Which parts? The atomic xchg() and cmpxchg() parts? What exactly do
you feel like you don't fully understand?

>
> And how much does it help performance-wise?

A lot, as we increase uprobe parallelism. Here's a subset of
benchmarks for 1-4, 8, 16, 32, 64, and 80 threads firing uretprobe.
With and without this SRCU change, but including all the other
changes, including the lockless VMA lookup. It's noticeable already
with just two competing CPUs/threads, and it just gets much worse from
there.

Of course in production you shouldn't come close to such rates of
uprobe/uretprobe firing, so this is definitely a microbenchmark
emphasizing the sharing between CPUs, but it still adds up. And we do
have production use cases that would like to fire uprobes at 100K+ per
second rates.

WITH SRCU for uretprobes
========================
uretprobe-nop         ( 1 cpus):    1.968 ± 0.001M/s  (  1.968M/s/cpu)
uretprobe-nop         ( 2 cpus):    3.739 ± 0.003M/s  (  1.869M/s/cpu)
uretprobe-nop         ( 3 cpus):    5.616 ± 0.003M/s  (  1.872M/s/cpu)
uretprobe-nop         ( 4 cpus):    7.286 ± 0.002M/s  (  1.822M/s/cpu)
uretprobe-nop         ( 8 cpus):   13.657 ± 0.007M/s  (  1.707M/s/cpu)
uretprobe-nop         (32 cpus):   45.305 ± 0.066M/s  (  1.416M/s/cpu)
uretprobe-nop         (64 cpus):   42.390 ± 0.922M/s  (  0.662M/s/cpu)
uretprobe-nop         (80 cpus):   47.554 ± 2.411M/s  (  0.594M/s/cpu)
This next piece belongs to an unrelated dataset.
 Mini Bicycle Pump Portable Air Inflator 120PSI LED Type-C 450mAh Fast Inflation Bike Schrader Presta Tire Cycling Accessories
WITHOUT SRCU for uretprobes
===========================
uretprobe-nop         ( 1 cpus):    2.197 ± 0.002M/s  (  2.197M/s/cpu)
uretprobe-nop         ( 2 cpus):    3.325 ± 0.001M/s  (  1.662M/s/cpu)
uretprobe-nop         ( 3 cpus):    4.129 ± 0.002M/s  (  1.376M/s/cpu)
uretprobe-nop         ( 4 cpus):    6.180 ± 0.003M/s  (  1.545M/s/cpu)
uretprobe-nop         ( 8 cpus):    7.323 ± 0.005M/s  (  0.915M/s/cpu)
uretprobe-nop         (16 cpus):    6.943 ± 0.005M/s  (  0.434M/s/cpu)
uretprobe-nop         (32 cpus):    5.931 ± 0.014M/s  (  0.185M/s/cpu)
uretprobe-nop         (64 cpus):    5.145 ± 0.003M/s  (  0.080M/s/cpu)
uretprobe-nop         (80 cpus):    4.925 ± 0.005M/s  (  0.062M/s/cpu)

>
> I'll try to take another look, and I'll try to think about other approaches,
> not that I have something better in mind...

Ok.

>
>
> But lets forgets this patch for the moment. The next one adds even more
> complications, and I think it doesn't make sense.
>

"Even more complications" is a bit of an overstatement. It just
applies everything we do for uretprobes in this patch to a very
straightforward single-stepped case.

> As I have already mentioned in the previous discussions, we can simply kill
> utask->active_uprobe. And utask->auprobe.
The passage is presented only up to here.